The court can see that the facts in the two cases are easily distinguishable, but to my mind the distinguishable features are not of such a character as to make the holdings of the Supreme Court in the Brewster Case inapplicable. It is true that the plaintiff in the case at bar might never have received his share of the property. What then would have been the situation presents another question. He did receive it, and that is the fact with which we are dealing. Whatever rights he finally acquired date back to the death of his mother. That was the date of their inception. Those rights continued uninterruptedly from the date of her death until the stocks were physically delivered to the plaintiff.
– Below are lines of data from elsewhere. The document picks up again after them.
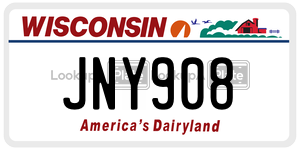 JNY908  license plate in WI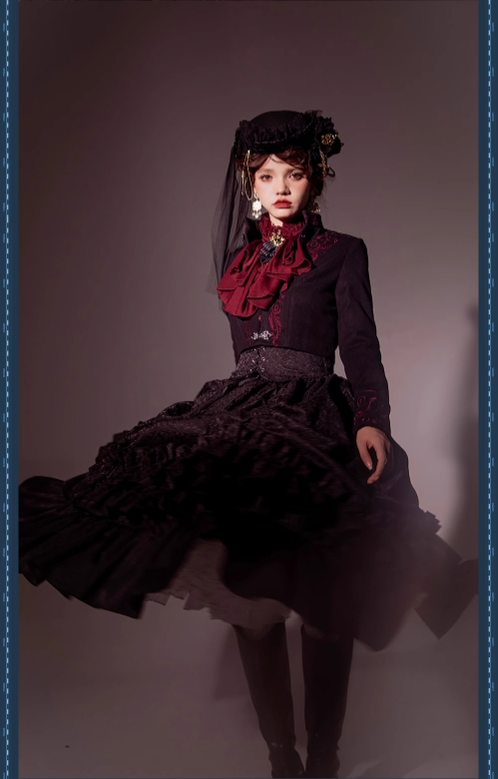 (BFM)ZJstory~Ouji Lolita Embroidery Set Court Style Skirt and Pants   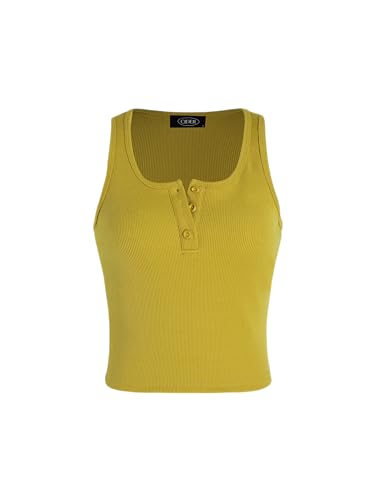 CIDER Solid Rib Button Up Tank Crop Top: Ginger, XXS at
In the Brewster Case Mr. Justice Butler says: "Petitioner's right later to have his share of the residue vested immediately upon testator's death. At that time petitioner became enriched by its worth, which was directly related to and would increase or decline correspondingly with the value of the property. And, notwithstanding the postponement of transfer of the legal title to him, Congress unquestionably had power and reasonably might fix value at the time title passed from the decedent as the basis for determining gain or loss upon sale of the right or of the property before or after the decree of distribution. And we think that, in substance, it would not be inconsistent with the rules of law governing the descent and distribution of real and personal property of decedents to construe the words in question to mean the date of death."
In the same case the court further calls attention to various regulations of the Treasury Department in force between 1917 and 1928 establishing as a basis for gain or loss the fair market value of the property at the date of the death of the testator, and further calls attention that since 1917 Congress in the passage of the several revenue acts has not changed the meaning and still uses the word "acquired." The interpretation given to it has continued for a series of years, and for so long as to imply that the construction given to it by the administrative board having to do with the collection of revenue has received legislative sanction.
On this point Judge Butler says: "These regulations were prepared by the Department charged with the duty of enforcing the acts. The rule so established is reasonable and does no violence to the letter or spirit of the provisions construed. A reversal of that construction would be likely to produce inconvenience and result in inequality. It is settled rule that the practical interpretation of an ambiguous or doubtful statute that has been acted upon by officials charged with its administration will not be disturbed except for weighty reasons. Logan v. Davis, 233 U.S. 613, 627, 34 S. Ct. 685, 58 L. Ed. 1121; Maryland Casualty Co. v. United States, 251 U.S. 342, 349, 40 S. Ct. 155, 64 L. Ed. 297; Swendig v. Washington Water Power Co., 265 U.S. 322, 331, 44 S. Ct. 496, 68 L. Ed. 1036."
The interpretation given to the word "acquired" in the revenue acts appears also to be in accord with the rulings of the highest courts in several states and various text-writers. See Matter of Lansing, 182 N.Y. 238 Page 374, 74 N.E. 882; Hardy v. Boaz, 29 Ala. 168; Vail v. Vail, 49 Conn. 52; Schouler on Wills (6th Ed.) § 3148.
I do not think it is essential to enter into a discussion of the differences between a vested remainder, contingent remainder, executory devise, and other forms of title known to the common law.
I hold that whatever title the plaintiff took dates back and was acquired on October 25, 1915, when his mother died.
A verdict will be entered for the defendant.